#### Exercise objective
Print only the lines below from the one with "T-shirt Le Dogfather" to the one with "Brilagi - LED", both included, exactly as they stand. Leave pictures out.

#### Material for the task
------------
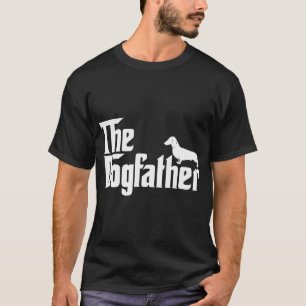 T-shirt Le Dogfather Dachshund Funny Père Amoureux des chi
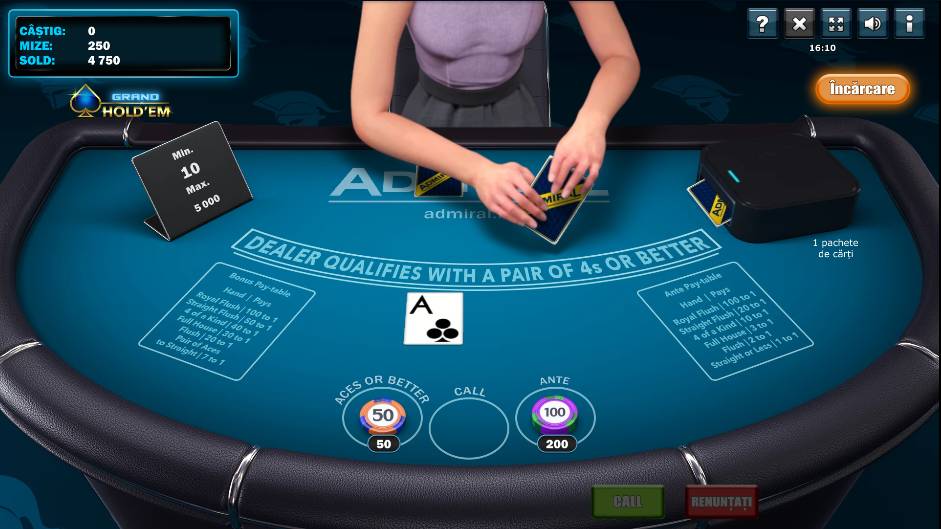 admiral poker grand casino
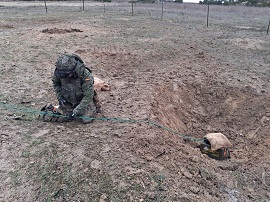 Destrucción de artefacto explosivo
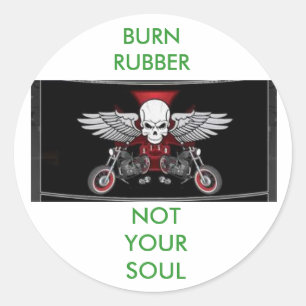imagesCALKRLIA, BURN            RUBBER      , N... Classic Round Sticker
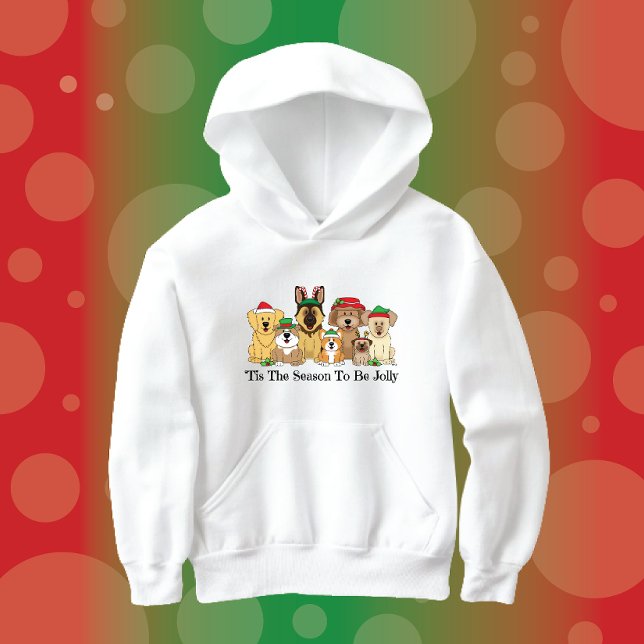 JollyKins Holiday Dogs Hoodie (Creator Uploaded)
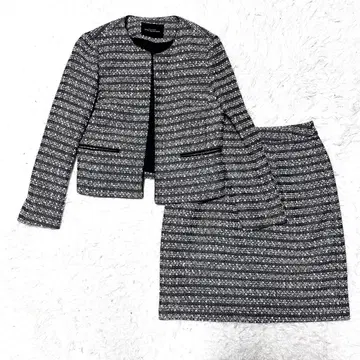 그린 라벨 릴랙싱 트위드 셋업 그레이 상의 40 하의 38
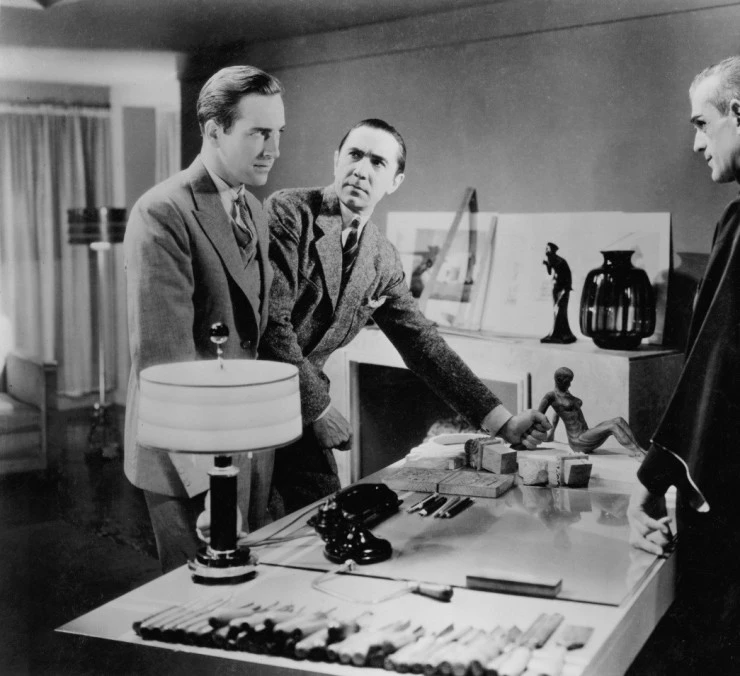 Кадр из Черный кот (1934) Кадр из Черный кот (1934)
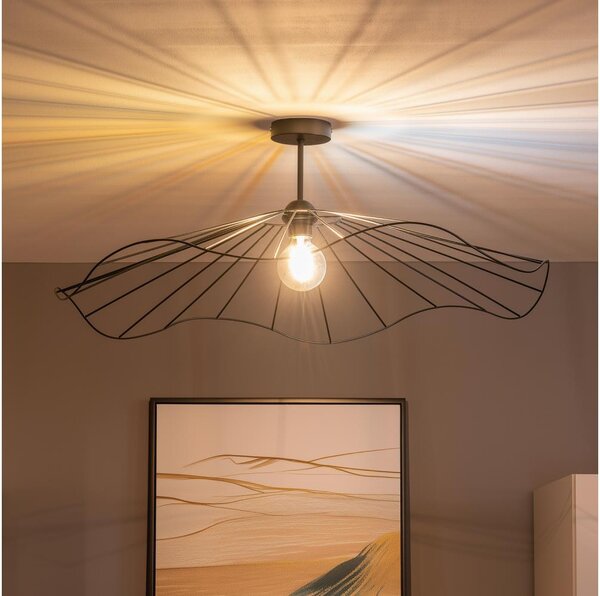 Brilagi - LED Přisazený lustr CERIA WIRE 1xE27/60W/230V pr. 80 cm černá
------------
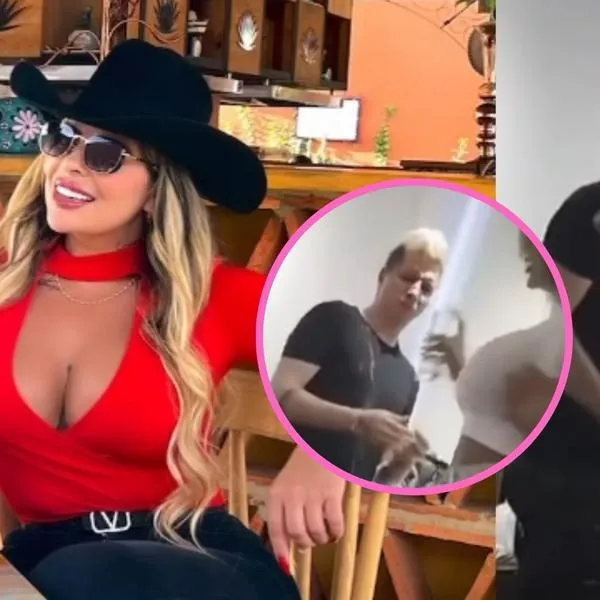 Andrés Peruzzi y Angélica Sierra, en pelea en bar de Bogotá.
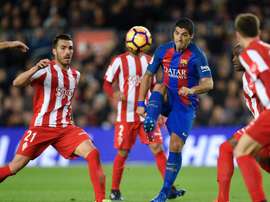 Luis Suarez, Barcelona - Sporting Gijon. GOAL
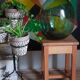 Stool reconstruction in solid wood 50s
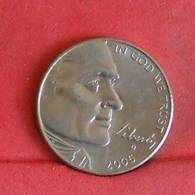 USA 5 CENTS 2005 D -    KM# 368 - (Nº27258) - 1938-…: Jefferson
------------
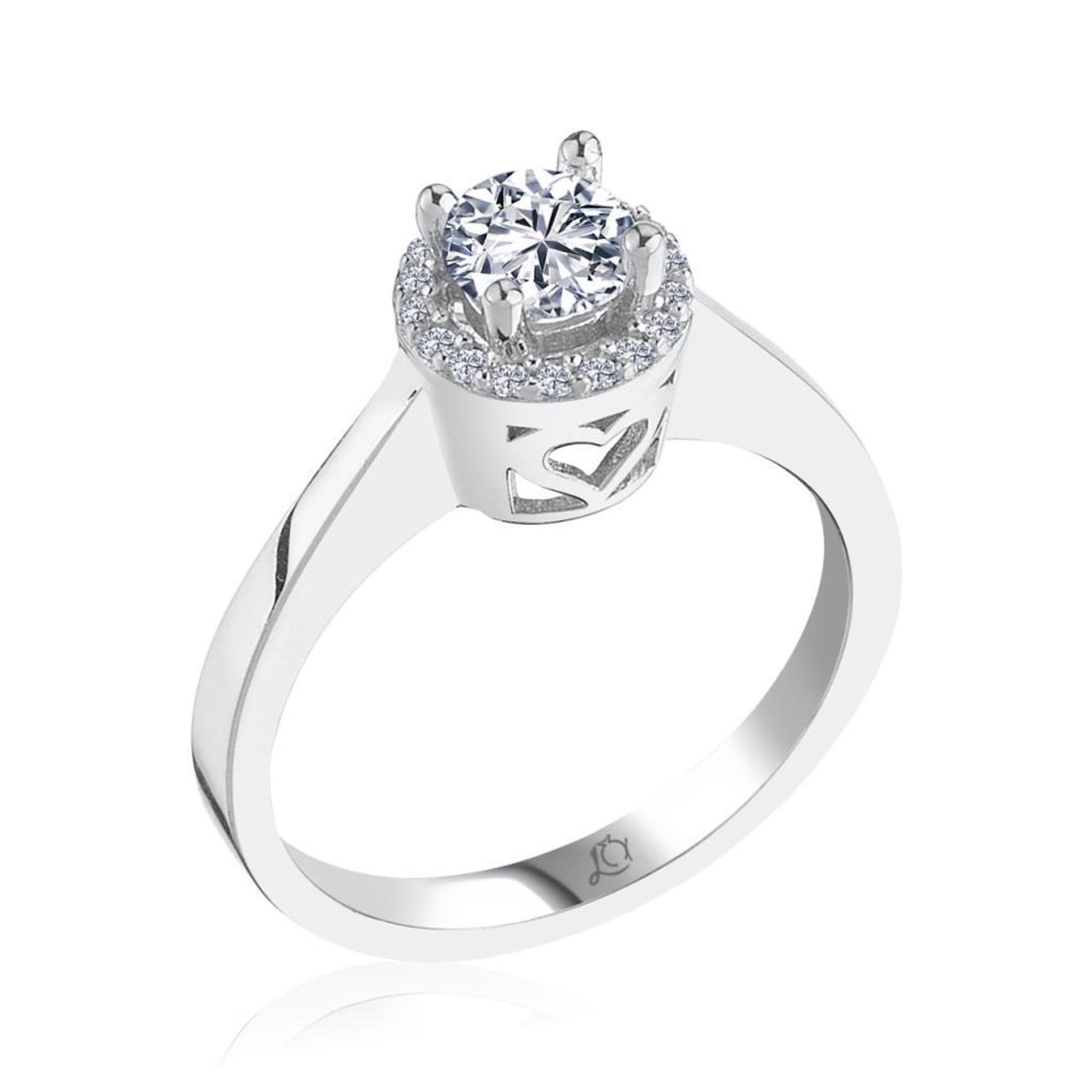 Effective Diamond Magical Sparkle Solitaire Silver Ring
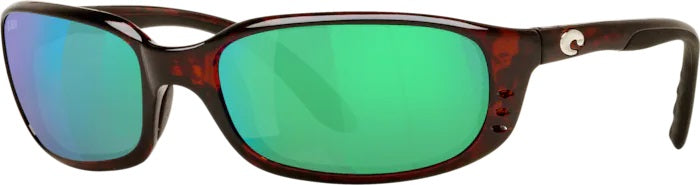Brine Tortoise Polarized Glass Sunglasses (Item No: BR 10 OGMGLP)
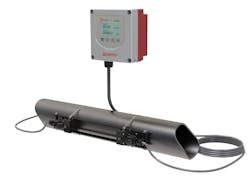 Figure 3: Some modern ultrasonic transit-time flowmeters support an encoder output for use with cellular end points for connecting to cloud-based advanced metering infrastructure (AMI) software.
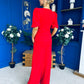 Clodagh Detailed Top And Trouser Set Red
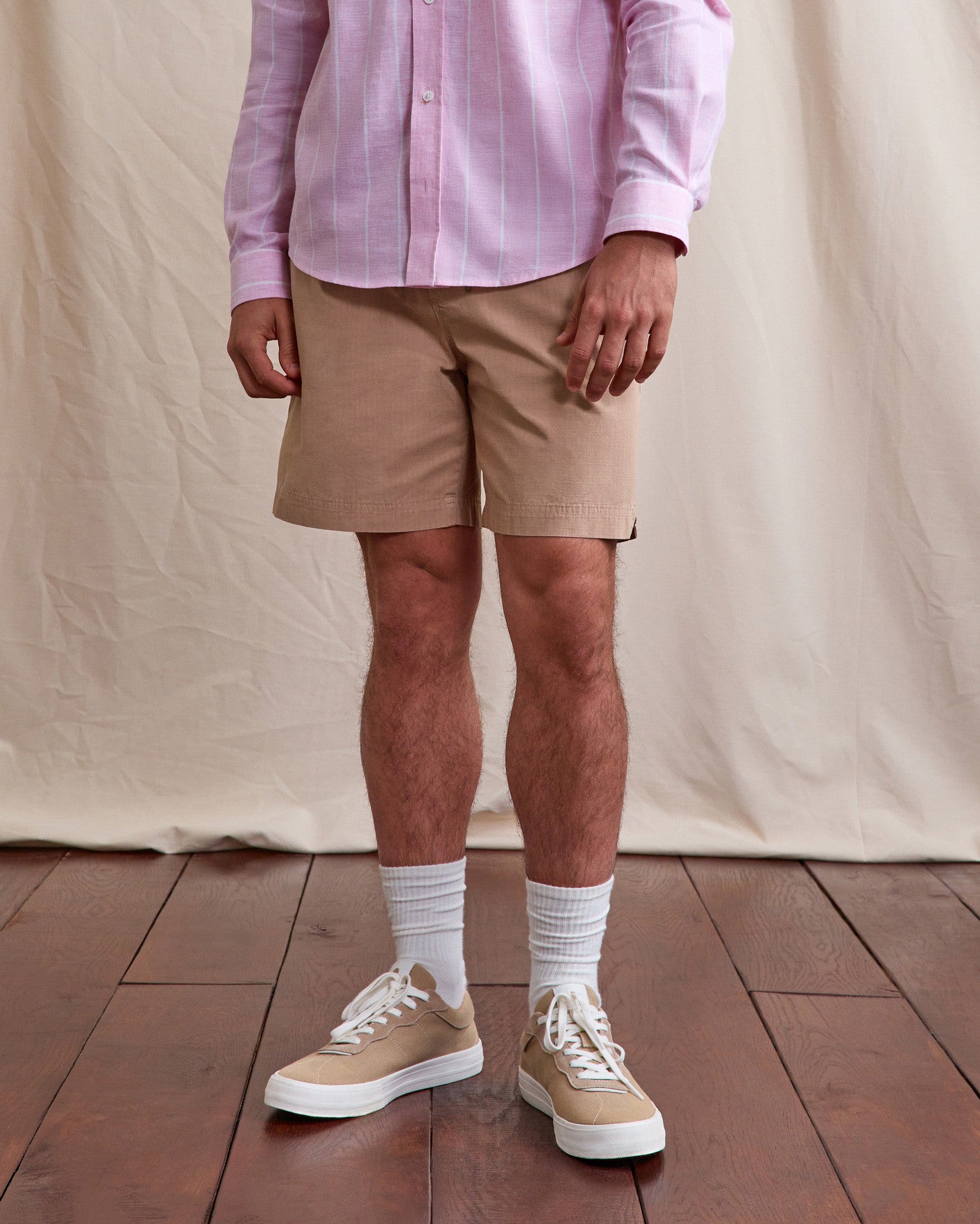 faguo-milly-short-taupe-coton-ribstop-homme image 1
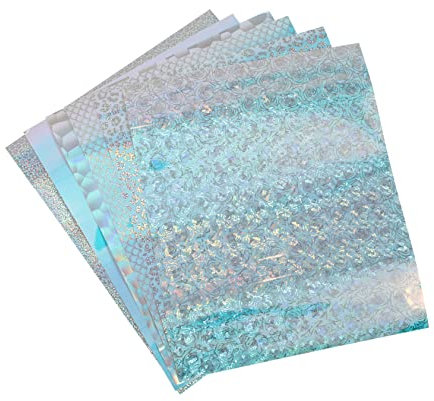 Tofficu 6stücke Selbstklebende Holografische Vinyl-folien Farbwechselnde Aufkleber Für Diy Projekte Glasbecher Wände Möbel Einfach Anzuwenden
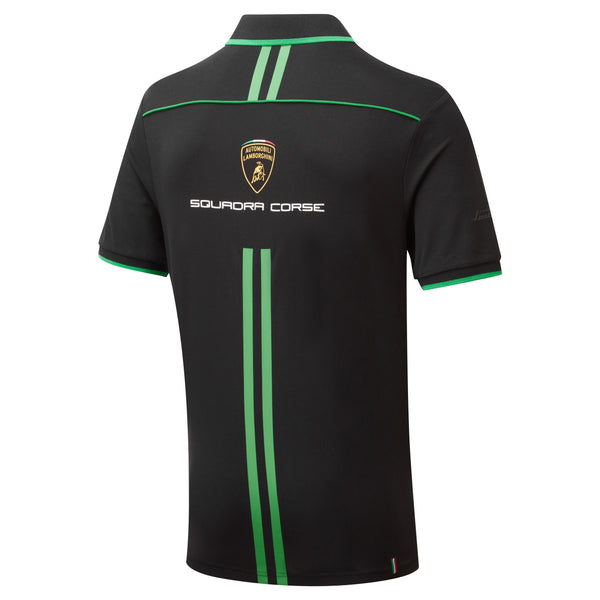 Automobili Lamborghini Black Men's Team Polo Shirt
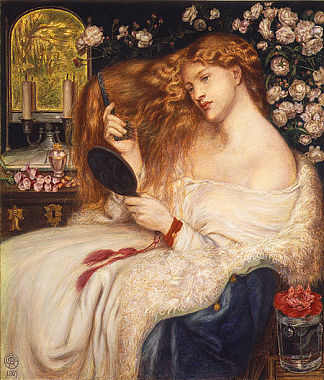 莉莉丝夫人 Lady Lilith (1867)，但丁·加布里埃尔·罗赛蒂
------------
#### Output below
 T-shirt Le Dogfather Dachshund Funny Père Amoureux des chi
 admiral poker grand casino
 Destrucción de artefacto explosivo
imagesCALKRLIA, BURN            RUBBER      , N... Classic Round Sticker
 JollyKins Holiday Dogs Hoodie (Creator Uploaded)
 그린 라벨 릴랙싱 트위드 셋업 그레이 상의 40 하의 38
 Кадр из Черный кот (1934) Кадр из Черный кот (1934)
 Brilagi - LED Přisazený lustr CERIA WIRE 1xE27/60W/230V pr. 80 cm černá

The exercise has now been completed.